There is no doubt that the Democratic Party is significantly better than the Republicans on the vast majority of the issues, but the Dems' priorities on two of the biggest domestic issues of this session (immigration and tax policy) are so disconnected from both common sense and the message that their own voters sent them last election night that they need to be humbled. You raise the example regressive 23% consumption tax, which I agree is an abomination, but even that would be less regressive than the tax policy the Democrats seem poised to embrace.....catastrophic excise taxes on every "naughty" consumer good disproportionately consumed by poor people.

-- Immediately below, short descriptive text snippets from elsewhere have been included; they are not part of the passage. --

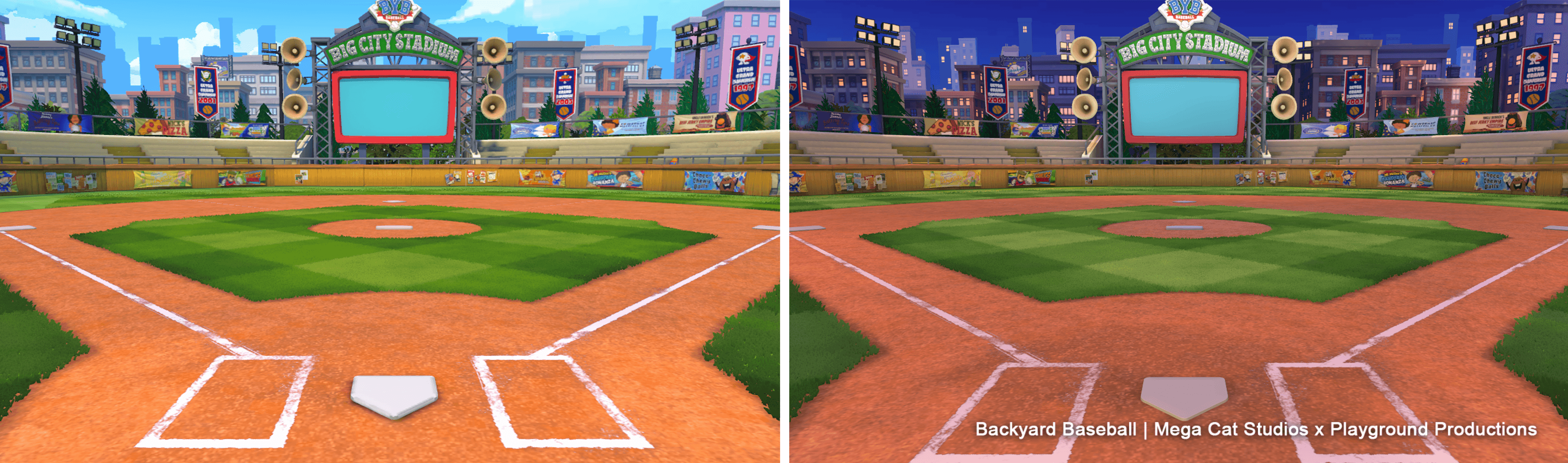 Examples of day lighting vs night lighting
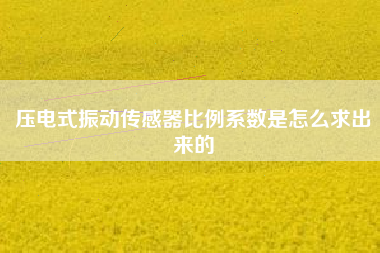 壓電式振動(dòng)傳感器比例系數(shù)是怎么求出來的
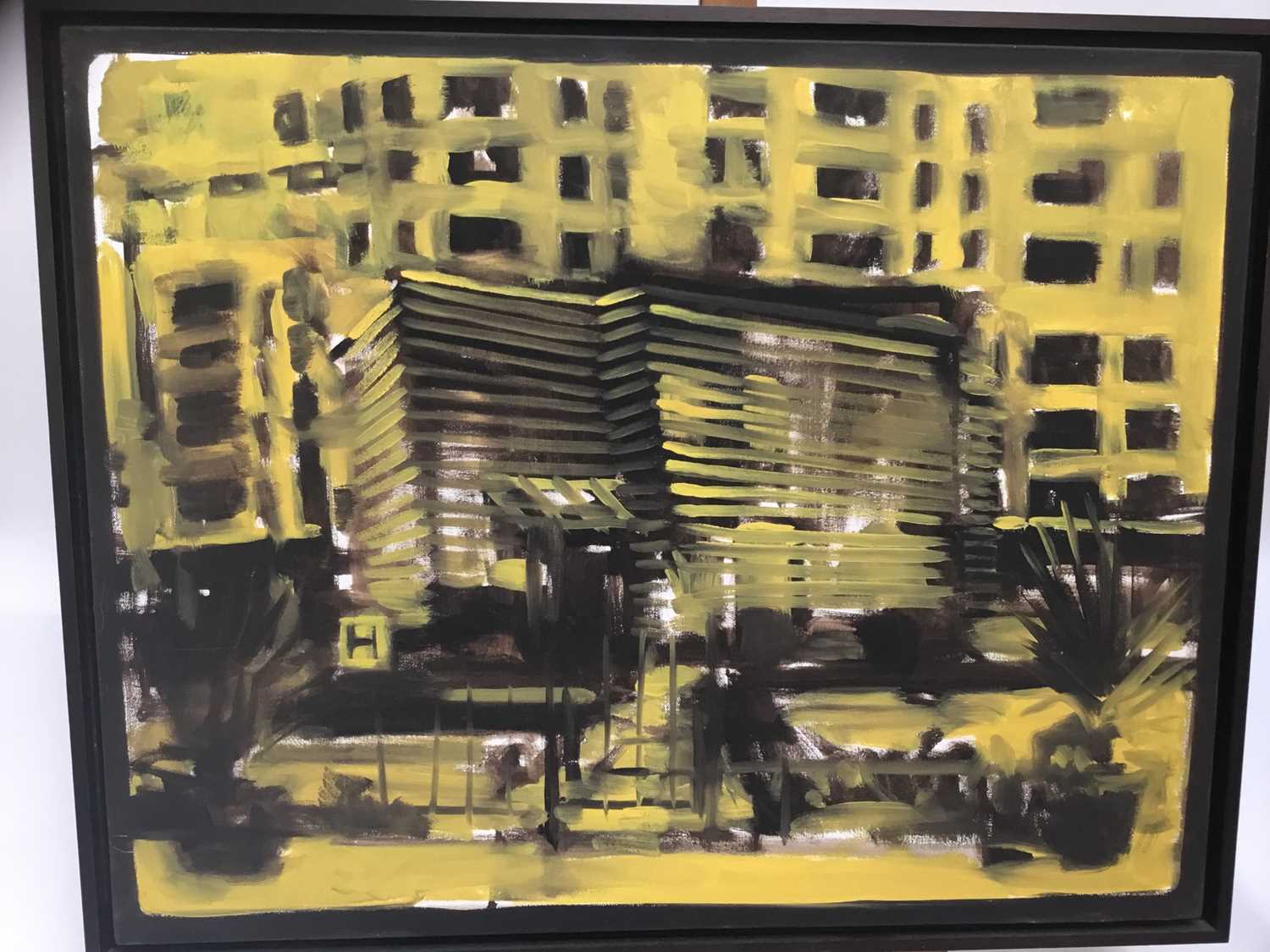 Lot 9 - Keith Roberts (b1960) oil on canvas, signed verso, urban landscape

I never thought I'd buy into the Ralph Nader narrative that "if they can't get it right on something like this, then what good are they?", but the party is moving closer to that position by putting a priority on policy measures that will financially devastate their own base. I haven't been this disillusioned with them since they passed NAFTA...and we all know what happened in the election following that.

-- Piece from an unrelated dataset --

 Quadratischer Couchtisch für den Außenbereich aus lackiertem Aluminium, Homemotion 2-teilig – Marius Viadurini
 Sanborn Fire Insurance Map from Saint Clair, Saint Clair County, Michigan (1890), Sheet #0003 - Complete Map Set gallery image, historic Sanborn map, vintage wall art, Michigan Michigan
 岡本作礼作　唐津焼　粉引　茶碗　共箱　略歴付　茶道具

I honestly don't know how I will ultimately respond in the 2008 election. I won't be voting Republican, but I may be inclined to either sit it out or vote third party if these vicious acts of betrayal continue at the pace they have thus far.

8:13 PM  
Blogger Mr. Phips said...

NAFTA was passed only because most Republicans supported it. Clinton would have been smart to veto it when it first came to his desk.

The difference now is that we have a Republican President and his party would have to get equal blame if he signed this bill into law.

I don't know why Democrats don't just raise taxes on those making over $1 billion a year. The reason is probably that Republican will fillibuster it like they do everything else.


I would strongly advise you not to sit out the 2008 election. It is just too important. Voting third party at the Presidential level is fine but I would urge you to stay Democratic everywhere else. The consequences of letting Republicans back in our legislatures would be grave.

11:35 PM  
Blogger Sara said...

At least Rep. Brad Sherman (D CA-27) led the successful fight to repeal the "snack tax".